START RECORDS PROVIDED

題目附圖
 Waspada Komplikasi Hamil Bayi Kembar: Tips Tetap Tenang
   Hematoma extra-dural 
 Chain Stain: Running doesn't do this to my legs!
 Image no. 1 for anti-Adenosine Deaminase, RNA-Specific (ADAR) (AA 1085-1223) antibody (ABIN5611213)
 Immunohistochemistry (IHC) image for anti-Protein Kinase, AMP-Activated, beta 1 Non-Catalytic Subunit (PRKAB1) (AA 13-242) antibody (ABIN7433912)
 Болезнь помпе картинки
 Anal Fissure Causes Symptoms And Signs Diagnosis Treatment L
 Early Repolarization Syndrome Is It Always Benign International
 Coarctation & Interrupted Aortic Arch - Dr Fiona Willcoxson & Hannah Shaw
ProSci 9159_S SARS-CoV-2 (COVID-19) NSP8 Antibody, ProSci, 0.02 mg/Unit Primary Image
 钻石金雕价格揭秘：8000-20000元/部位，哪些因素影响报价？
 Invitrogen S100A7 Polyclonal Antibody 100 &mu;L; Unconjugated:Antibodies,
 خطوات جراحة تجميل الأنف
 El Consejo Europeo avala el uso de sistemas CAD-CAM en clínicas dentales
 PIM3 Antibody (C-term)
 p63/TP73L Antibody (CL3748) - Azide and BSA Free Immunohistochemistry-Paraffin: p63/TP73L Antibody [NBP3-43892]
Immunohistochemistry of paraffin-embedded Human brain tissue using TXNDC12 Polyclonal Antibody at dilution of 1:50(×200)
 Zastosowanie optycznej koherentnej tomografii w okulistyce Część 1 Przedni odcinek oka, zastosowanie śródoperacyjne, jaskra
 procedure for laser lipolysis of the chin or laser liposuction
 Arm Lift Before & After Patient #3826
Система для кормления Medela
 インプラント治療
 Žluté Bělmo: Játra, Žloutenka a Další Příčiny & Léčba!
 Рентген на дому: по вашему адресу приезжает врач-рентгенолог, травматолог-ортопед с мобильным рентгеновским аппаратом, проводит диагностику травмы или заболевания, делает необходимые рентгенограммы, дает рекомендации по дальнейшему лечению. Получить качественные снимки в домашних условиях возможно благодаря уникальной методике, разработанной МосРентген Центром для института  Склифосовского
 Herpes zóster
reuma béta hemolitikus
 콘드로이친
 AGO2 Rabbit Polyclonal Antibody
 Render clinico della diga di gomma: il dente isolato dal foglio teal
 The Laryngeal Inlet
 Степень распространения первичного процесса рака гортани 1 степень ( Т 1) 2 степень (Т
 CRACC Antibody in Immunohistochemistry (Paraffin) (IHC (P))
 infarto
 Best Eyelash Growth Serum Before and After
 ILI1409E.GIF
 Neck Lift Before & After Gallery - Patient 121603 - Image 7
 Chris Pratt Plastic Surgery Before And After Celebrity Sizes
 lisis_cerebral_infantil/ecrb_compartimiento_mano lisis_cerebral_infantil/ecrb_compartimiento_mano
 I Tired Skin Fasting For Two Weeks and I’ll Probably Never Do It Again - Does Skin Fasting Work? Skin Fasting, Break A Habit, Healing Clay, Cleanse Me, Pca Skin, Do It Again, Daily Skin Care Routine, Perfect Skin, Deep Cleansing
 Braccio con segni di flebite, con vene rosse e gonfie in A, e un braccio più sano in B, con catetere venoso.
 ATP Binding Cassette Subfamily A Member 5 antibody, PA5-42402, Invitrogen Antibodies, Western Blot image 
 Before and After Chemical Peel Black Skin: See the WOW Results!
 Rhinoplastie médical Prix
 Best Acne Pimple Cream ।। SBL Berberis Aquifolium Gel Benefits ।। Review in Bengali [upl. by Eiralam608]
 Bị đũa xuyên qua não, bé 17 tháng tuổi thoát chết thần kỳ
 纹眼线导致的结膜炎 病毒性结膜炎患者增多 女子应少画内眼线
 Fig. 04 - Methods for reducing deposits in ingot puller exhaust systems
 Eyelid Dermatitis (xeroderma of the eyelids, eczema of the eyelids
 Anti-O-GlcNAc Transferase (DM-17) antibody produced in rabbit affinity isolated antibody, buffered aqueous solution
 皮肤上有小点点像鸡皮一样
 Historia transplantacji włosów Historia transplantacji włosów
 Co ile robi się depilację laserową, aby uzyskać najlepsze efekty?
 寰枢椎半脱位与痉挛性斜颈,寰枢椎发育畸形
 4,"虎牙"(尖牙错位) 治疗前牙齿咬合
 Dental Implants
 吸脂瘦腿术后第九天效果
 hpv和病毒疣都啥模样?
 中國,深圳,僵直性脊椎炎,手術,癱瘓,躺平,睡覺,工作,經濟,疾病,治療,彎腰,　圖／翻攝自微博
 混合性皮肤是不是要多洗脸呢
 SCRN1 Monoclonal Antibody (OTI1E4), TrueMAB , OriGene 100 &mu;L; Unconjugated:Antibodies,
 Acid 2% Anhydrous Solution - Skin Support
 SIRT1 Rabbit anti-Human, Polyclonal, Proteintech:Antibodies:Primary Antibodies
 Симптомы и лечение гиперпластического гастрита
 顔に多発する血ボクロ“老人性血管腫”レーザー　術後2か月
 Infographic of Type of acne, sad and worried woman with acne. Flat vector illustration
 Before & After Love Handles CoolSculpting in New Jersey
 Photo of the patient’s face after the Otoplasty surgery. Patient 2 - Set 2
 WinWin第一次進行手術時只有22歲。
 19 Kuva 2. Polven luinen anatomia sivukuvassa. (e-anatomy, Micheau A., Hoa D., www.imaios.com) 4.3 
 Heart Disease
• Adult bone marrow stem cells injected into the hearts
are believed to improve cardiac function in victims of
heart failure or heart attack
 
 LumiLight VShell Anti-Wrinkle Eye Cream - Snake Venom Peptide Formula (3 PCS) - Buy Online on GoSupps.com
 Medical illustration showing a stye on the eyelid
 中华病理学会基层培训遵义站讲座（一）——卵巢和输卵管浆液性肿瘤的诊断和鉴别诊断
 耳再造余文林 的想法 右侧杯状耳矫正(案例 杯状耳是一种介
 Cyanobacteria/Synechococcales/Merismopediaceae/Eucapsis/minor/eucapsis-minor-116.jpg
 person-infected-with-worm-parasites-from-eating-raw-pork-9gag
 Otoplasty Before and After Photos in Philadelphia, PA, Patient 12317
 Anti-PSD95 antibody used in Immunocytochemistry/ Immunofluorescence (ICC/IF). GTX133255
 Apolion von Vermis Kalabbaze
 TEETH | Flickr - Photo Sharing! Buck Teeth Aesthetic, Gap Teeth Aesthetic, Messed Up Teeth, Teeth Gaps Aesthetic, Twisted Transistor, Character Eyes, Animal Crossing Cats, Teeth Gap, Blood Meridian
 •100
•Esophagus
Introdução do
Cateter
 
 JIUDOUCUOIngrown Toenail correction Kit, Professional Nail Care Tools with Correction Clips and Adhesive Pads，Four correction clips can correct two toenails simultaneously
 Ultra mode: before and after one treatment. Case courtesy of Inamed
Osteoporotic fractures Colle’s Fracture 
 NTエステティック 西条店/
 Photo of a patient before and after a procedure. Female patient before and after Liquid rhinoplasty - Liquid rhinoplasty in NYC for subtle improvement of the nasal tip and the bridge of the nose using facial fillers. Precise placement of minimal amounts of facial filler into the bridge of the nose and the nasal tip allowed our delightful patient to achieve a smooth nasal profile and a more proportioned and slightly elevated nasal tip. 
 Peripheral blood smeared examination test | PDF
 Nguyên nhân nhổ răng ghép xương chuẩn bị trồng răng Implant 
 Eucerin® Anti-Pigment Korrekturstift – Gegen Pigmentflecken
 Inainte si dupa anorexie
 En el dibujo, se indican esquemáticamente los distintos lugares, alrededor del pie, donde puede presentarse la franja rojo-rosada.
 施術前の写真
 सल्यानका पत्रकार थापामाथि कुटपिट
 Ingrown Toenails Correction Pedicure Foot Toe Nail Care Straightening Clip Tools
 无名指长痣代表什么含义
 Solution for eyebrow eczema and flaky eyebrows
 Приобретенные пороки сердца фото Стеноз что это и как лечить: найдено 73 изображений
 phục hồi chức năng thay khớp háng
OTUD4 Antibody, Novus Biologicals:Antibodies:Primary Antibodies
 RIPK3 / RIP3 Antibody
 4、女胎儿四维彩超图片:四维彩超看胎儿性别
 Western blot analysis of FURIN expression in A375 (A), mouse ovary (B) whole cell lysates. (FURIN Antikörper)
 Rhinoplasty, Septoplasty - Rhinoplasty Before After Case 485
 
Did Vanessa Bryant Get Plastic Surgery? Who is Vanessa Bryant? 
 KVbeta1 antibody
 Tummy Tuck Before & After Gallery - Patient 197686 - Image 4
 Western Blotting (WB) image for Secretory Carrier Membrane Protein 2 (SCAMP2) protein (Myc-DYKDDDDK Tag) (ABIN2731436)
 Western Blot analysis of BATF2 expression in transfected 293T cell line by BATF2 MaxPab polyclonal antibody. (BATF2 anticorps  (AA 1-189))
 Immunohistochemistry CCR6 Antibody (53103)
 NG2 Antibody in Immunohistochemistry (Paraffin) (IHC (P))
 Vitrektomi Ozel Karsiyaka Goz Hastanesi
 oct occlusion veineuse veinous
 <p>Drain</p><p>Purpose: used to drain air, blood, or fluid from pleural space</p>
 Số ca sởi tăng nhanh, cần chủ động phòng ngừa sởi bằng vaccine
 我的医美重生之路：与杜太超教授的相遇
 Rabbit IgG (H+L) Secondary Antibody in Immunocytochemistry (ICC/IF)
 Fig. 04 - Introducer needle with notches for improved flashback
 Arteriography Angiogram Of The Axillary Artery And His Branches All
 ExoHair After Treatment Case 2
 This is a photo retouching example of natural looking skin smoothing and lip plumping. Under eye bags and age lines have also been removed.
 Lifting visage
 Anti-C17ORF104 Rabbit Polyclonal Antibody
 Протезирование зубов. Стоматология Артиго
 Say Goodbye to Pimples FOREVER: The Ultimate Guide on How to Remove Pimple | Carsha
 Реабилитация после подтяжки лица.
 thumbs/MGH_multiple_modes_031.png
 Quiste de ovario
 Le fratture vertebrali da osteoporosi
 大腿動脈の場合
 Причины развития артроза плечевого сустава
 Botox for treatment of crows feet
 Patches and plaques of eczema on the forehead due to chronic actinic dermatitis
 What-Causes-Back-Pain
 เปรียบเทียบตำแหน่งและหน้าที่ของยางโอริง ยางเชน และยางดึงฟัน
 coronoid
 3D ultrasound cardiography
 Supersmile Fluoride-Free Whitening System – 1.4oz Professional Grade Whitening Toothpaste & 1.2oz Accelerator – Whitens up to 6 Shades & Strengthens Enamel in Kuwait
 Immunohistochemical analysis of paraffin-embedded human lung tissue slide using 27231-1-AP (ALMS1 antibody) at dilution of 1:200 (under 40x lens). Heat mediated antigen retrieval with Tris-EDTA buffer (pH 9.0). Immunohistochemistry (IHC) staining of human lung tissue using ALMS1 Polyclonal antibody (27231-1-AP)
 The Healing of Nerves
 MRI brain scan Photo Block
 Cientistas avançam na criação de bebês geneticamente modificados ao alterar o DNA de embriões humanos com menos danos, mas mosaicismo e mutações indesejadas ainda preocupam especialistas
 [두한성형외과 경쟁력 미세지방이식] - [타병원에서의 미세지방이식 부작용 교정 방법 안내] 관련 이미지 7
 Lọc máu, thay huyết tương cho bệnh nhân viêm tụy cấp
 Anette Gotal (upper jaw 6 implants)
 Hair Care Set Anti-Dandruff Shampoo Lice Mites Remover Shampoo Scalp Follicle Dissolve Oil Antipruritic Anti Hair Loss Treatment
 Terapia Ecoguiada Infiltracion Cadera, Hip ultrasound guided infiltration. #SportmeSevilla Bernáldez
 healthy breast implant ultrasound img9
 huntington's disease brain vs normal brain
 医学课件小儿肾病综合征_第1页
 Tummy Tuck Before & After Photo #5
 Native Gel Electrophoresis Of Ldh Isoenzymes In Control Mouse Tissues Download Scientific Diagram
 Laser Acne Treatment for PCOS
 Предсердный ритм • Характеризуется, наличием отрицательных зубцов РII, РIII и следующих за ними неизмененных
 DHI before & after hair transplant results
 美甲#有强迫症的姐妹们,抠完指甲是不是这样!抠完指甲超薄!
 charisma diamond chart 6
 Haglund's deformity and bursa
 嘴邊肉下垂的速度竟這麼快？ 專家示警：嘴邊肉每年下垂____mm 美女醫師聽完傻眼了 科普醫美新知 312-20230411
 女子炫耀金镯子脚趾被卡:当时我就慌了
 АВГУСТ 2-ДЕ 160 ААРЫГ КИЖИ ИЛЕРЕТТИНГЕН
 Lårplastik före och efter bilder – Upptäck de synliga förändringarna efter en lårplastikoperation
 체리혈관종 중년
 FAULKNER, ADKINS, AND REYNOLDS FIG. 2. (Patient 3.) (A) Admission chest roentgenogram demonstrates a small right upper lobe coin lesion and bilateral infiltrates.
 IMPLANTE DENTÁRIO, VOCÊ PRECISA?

END RECORDS PROVIDED

[WHAT YOU ARE ASKED TO DO]
Give the lines again, exactly as they stand, from the beginning of the data through the line with "p63/TP73L Antibody (CL3748)".

[YOUR SOLUTION]
題目附圖
 Waspada Komplikasi Hamil Bayi Kembar: Tips Tetap Tenang
   Hematoma extra-dural 
 Chain Stain: Running doesn't do this to my legs!
 Image no. 1 for anti-Adenosine Deaminase, RNA-Specific (ADAR) (AA 1085-1223) antibody (ABIN5611213)
 Immunohistochemistry (IHC) image for anti-Protein Kinase, AMP-Activated, beta 1 Non-Catalytic Subunit (PRKAB1) (AA 13-242) antibody (ABIN7433912)
 Болезнь помпе картинки
 Anal Fissure Causes Symptoms And Signs Diagnosis Treatment L
 Early Repolarization Syndrome Is It Always Benign International
 Coarctation & Interrupted Aortic Arch - Dr Fiona Willcoxson & Hannah Shaw
ProSci 9159_S SARS-CoV-2 (COVID-19) NSP8 Antibody, ProSci, 0.02 mg/Unit Primary Image
 钻石金雕价格揭秘：8000-20000元/部位，哪些因素影响报价？
 Invitrogen S100A7 Polyclonal Antibody 100 &mu;L; Unconjugated:Antibodies,
 خطوات جراحة تجميل الأنف
 El Consejo Europeo avala el uso de sistemas CAD-CAM en clínicas dentales
 PIM3 Antibody (C-term)
 p63/TP73L Antibody (CL3748) - Azide and BSA Free Immunohistochemistry-Paraffin: p63/TP73L Antibody [NBP3-43892]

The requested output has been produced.